I think you are right.  It really makes more sense for the operator overloading functions to be module level.

From a historical D perspective, I think that the reason they were implemented as member fuctions instead of module level functions was the issue of accessing private class members.  This was before everything in a module had public access.  Now that this is not an issue any more I would certainly be the first to vote for them to be changed.



March 28, 2003
Patrick Down wrote:
> In article <3E84520F.8080809@viasic.com>, Bill Cox says...
> 
>>Ok, I'll kick in with a very very old point of view on the topic that dates back to the beginning of time...
>>
>>Operator overloading should not be implemented as methods.  They should be implemented as overloaded functions at the module level.  Then, this whole problem goes away.  Besides, mathematically, a binary operator's operands have equal status.  Why pass one to a method of the other? It's just a stupid trick to try to avoid writing module-level routines.
>>
>>The fact that we can't even define the == operator without worrying about the LEFT operand being null (but not the right) clearly shows the flaw in C++ style operator overloading.
>>
>>Bill
> 
> 
> I think you are right.  It really makes more sense for the operator overloading
> functions to be module level.
> 
> From a historical D perspective, I think that the reason they were implemented
> as member fuctions instead of module level functions was the issue of accessing
> private class members.  This was before everything in a module had public
> access.  Now that this is not an issue any more I would certainly be the first
> to vote for them to be changed.

The current setup also allows one to make the comparison method virtual. (I'm not sure how useful that is, but it's there)

March 28, 2003
You have got to the root of the problem, Bill.

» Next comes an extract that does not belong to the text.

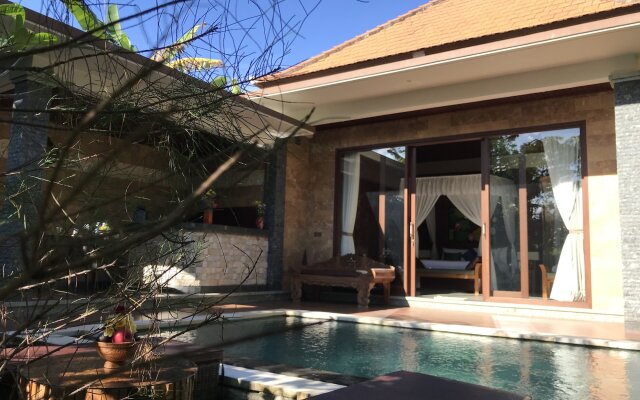 Ubud Paradise Villa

There is no way in D to do an overloaded operator without having a class member override some specially named member function.  Thus no module-scope ("free") operators are possible.

You're wrong about C++.  It has these.  They are good.  Preferred in fact to making the binary operator part of the class.

The only reason you'd want a binary operator to be part of a class is if it needed access to some private section.  In C++ you use friend for this;  in D you put the operators in the same module as the class.  (but what if the operator needs private access to *two* classes that are in different modules?)

We should be able to define free operators:

// example free operator overload

BigInt operator + (BigInt a, BigInt b)
{
    return BigInt.add(a, b);
}

As you can tell I also dislike the current D syntax for declaring operators. You have to use some specially named member function currently, which means you have to remember what the name is for each operator you may want to overload.  I prefer the direct approach;  If I want an operator I do not want it to have a name.  It just clutters up the namespace and litters it with landmines;  for instance the above example wouldn't work because member add is treated specially and would have already overloaded the + operator.

There are some unanswered questions in the D design.

Sean

"Bill Cox" <bill@viasic.com> wrote in message news:3E84520F.8080809@viasic.com...
> Ok, I'll kick in with a very very old point of view on the topic that dates back to the beginning of time...
>
> Operator overloading should not be implemented as methods.  They should be implemented as overloaded functions at the module level.  Then, this whole problem goes away.  Besides, mathematically, a binary operator's operands have equal status.  Why pass one to a method of the other? It's just a stupid trick to try to avoid writing module-level routines.
>
> The fact that we can't even define the == operator without worrying about the LEFT operand being null (but not the right) clearly shows the flaw in C++ style operator overloading.
>
> Bill
>


March 28, 2003
Bill, I think you're agreeing with what I'm saying, sort of. I suggested making the eq() and eqi() methods static simply because I'm not aware of a D mechanism for doing it outside the class, which is obviously the preferred approach.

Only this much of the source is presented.